鳥飼はその頃にはもう意識を取り戻していた。暴れるかと思いきや意気消沈した様子で何も言わなかった。足の拘束だけは解いたが逃げようとすることもなく黙って蒼矢の指示に従った。
蒼矢は僕を風緑で降ろすと鳥飼だけを車に乗せて出発した。恐らく警察に行くのだろうと僕はその時思った。
陽翔や乃々花に迎えられ、気が緩んだ僕はその日から数日体調を崩して寝込んだ。一時は高熱が続き彼らを酷く心配させていたようだ。朦朧としている間に蒼矢や祈がお見舞いに来てくれていたようだが、それもまったく覚えていなかった。
あの桜の下で鳥飼と出会ってからたった三か月の出来事だった。しかし自分の中に自分以外の誰かがいて自分以外の意志で行動し、更に十年明かされなかった兄の死の真相に辿り着くことになったとなれば、こうなっても当然かも知れない。
とはいえ、こういう経験をする人がそうそういるわけでもなく、誰かに伝えたところで信じて貰えないに違いない。
高熱を出し病院に連れて行かれ「風邪ですね」「少し衰弱してますね」と診断されても仕方のないことだ。
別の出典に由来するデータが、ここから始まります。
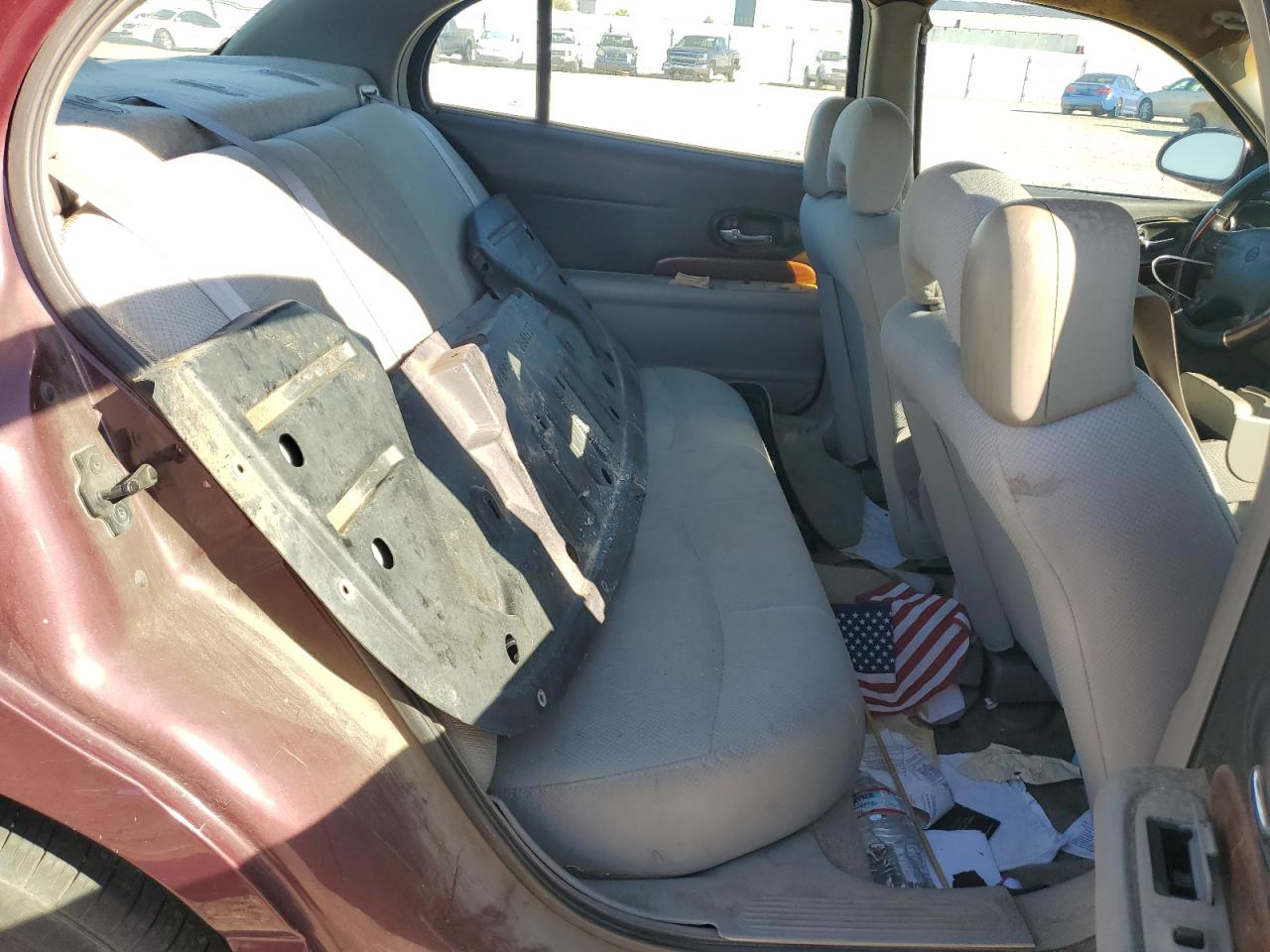 2004 Buick Lesabre Custom VIN: 1G4HP52K044100555 Lot: 85320995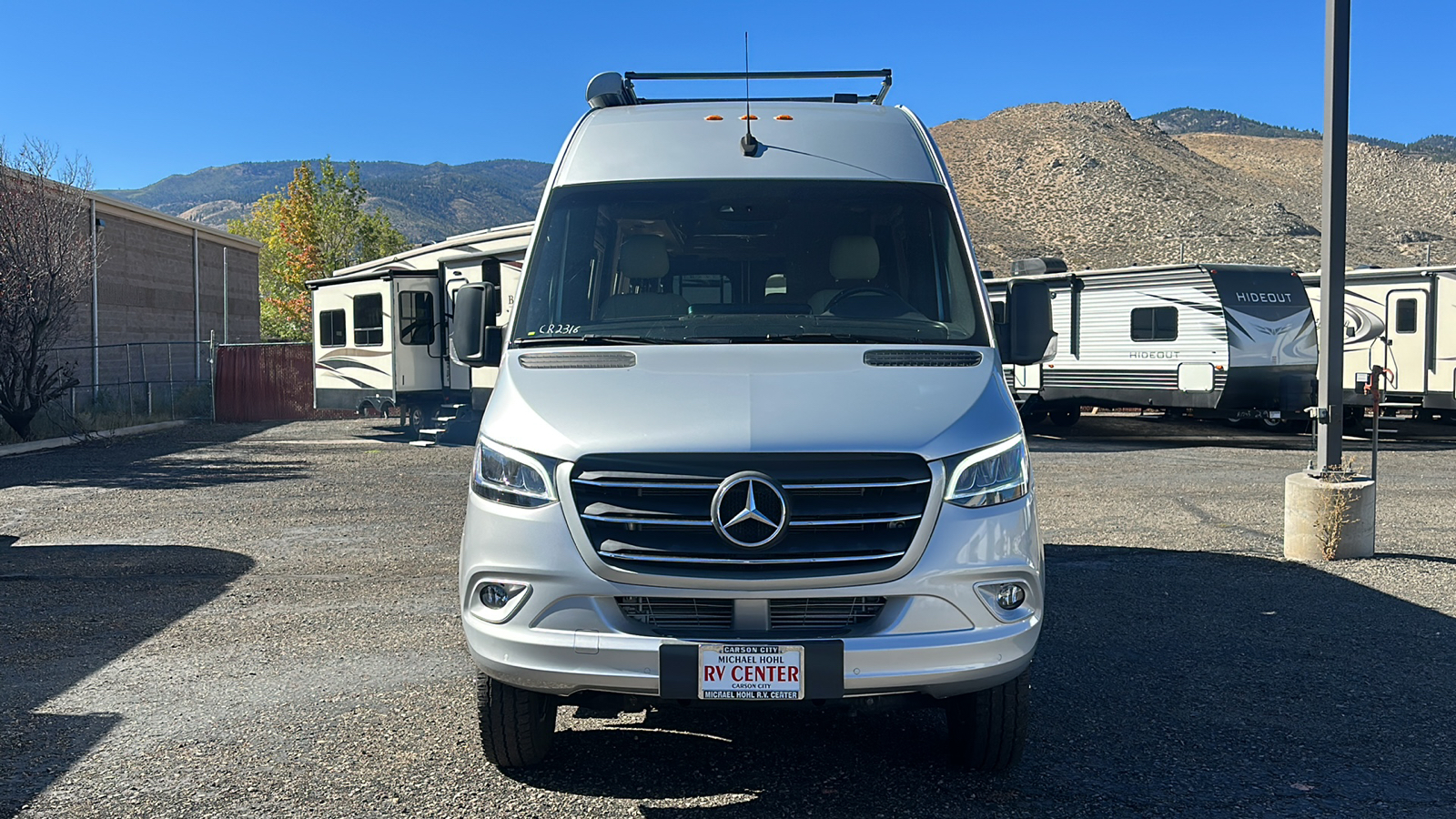 2020 WINNEBAGO BOLT 70BL 8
とりあえず抗生剤等が出され、あとは寝て治すしかなかった。
大学に通えるようになるには十日ほどかかった。その間には時折蒼矢が様子を見に来ていた。
彼には僕に聞きたいこともたくさんあるだろう。『あの日』何が起きたのか。
しかし彼がそのことについて切り出すことはなく、僕もまだいろいろ決心がつかなかった。
僕が全快し大学にもバイトにも復帰して数日が経ち蒼矢に「大学が休みの日にでもうちに来ないか」と誘われた。
いよいよだと思った。
日曜日の昼のピークが過ぎてから僕はバイトを休ませて貰うことにした。
陽翔が軽食が包んでくれて、それを持って迎えに来てくれていた蒼矢の車に乗り込んだ。本当は車で迎えに来てくれるほどの距離でもないのだが、朝からしとしと雨が降っていて体調を悪くしないかと迎えに来たのだ。
(あれからだいぶ過保護になったような気が……)
なんとなくムズムズするような気持ちだ。
車に乗っていたのはほんの数分でその間は結局何の会話もなく、軽い緊張感に包まれていた。